[Data for analysis — start]

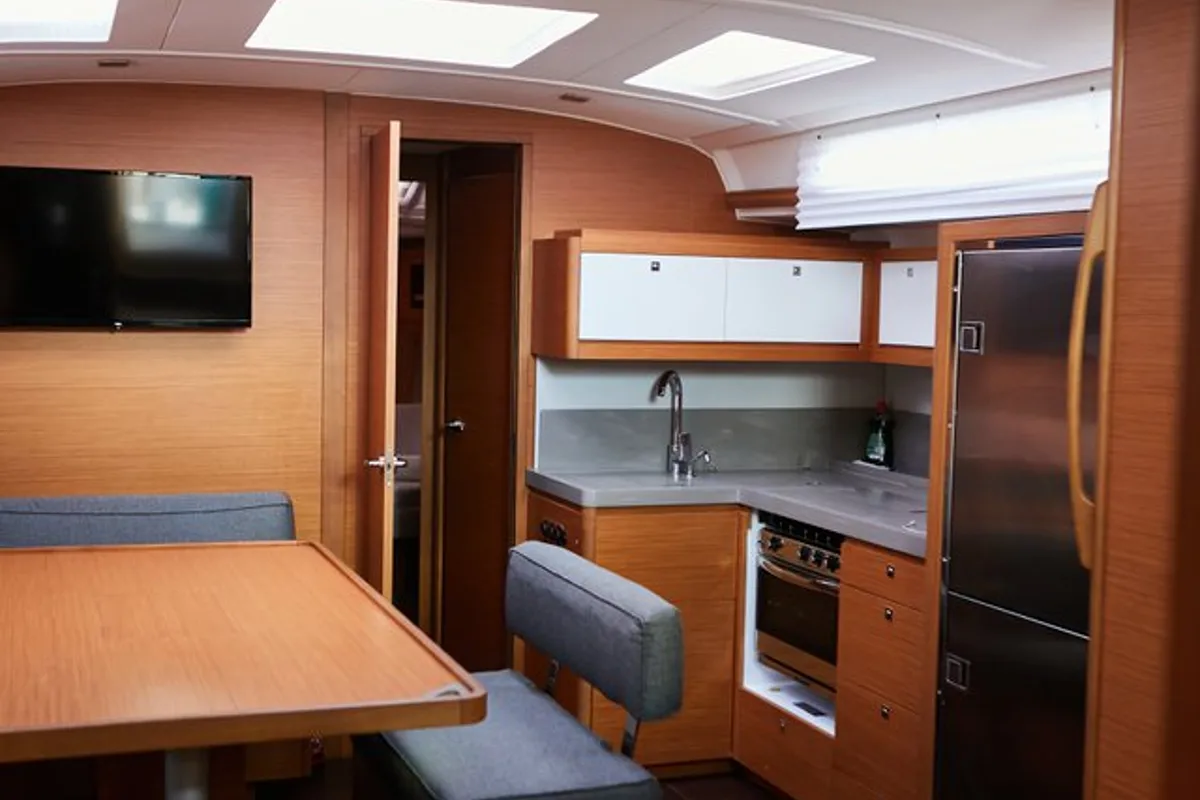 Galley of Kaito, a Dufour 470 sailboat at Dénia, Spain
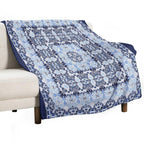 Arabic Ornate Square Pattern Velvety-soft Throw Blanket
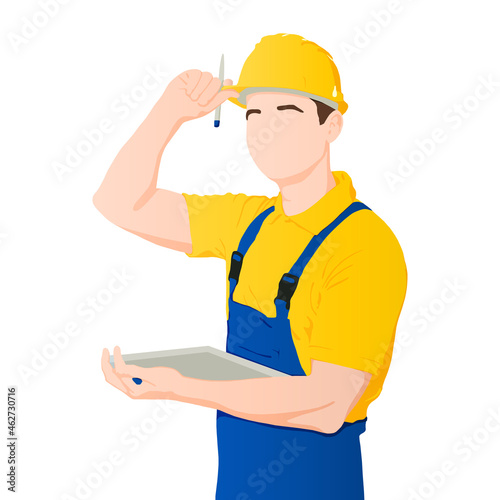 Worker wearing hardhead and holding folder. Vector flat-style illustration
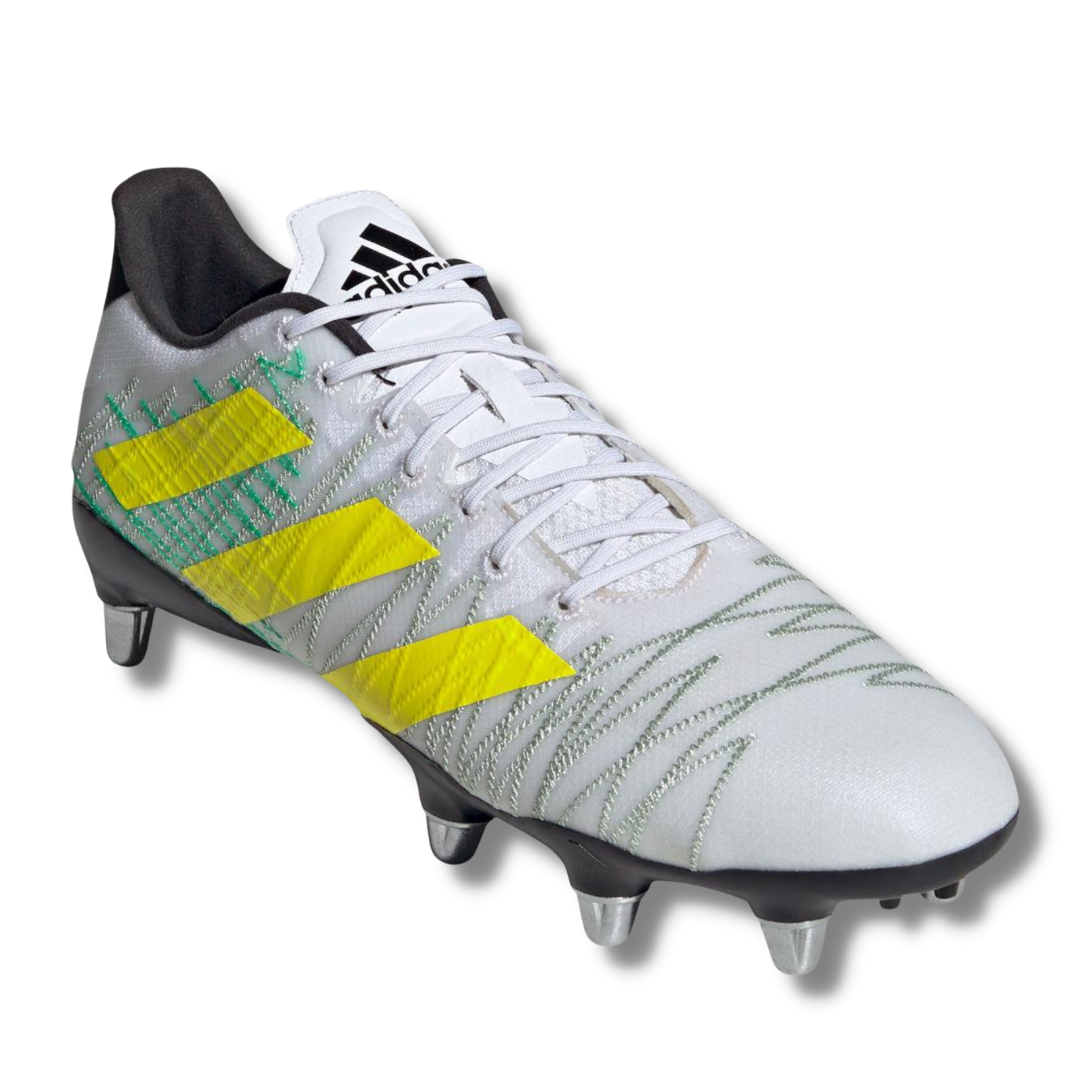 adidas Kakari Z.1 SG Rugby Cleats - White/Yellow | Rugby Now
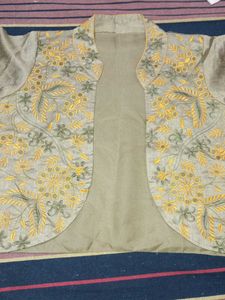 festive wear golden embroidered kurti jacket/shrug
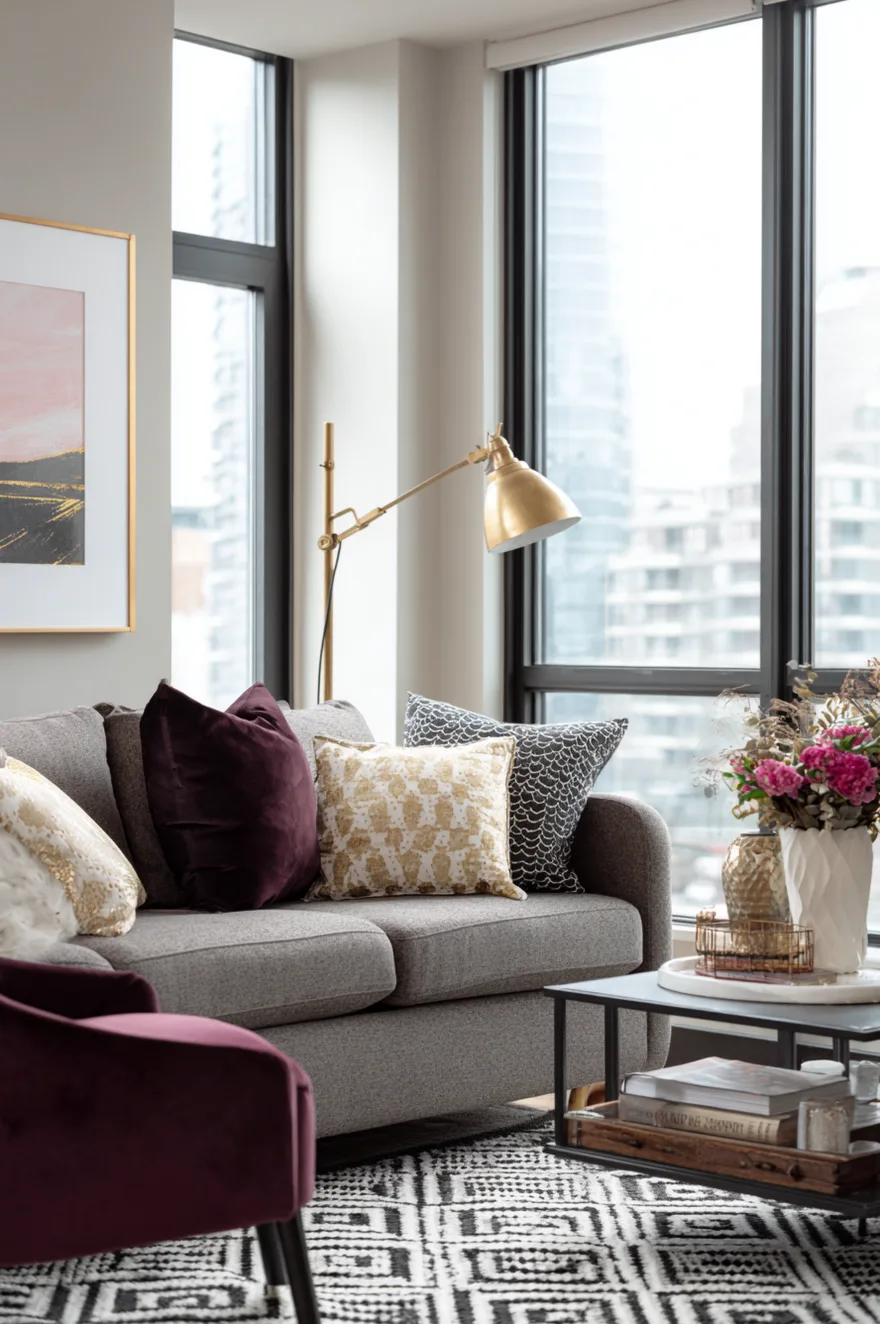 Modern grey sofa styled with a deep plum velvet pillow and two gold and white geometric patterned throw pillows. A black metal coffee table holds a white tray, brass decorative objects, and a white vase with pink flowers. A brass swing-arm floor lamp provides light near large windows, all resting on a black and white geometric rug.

[Data for analysis — finish]

*Exercise directions:*
Restate word for word the lines from the one holding "Arabic Ornate Square" down through the last line of the records above, and do not include the pictures.

*Answer space:*
 Arabic Ornate Square Pattern Velvety-soft Throw Blanket
 Worker wearing hardhead and holding folder. Vector flat-style illustration
 adidas Kakari Z.1 SG Rugby Cleats - White/Yellow | Rugby Now
 festive wear golden embroidered kurti jacket/shrug
 Modern grey sofa styled with a deep plum velvet pillow and two gold and white geometric patterned throw pillows. A black metal coffee table holds a white tray, brass decorative objects, and a white vase with pink flowers. A brass swing-arm floor lamp provides light near large windows, all resting on a black and white geometric rug.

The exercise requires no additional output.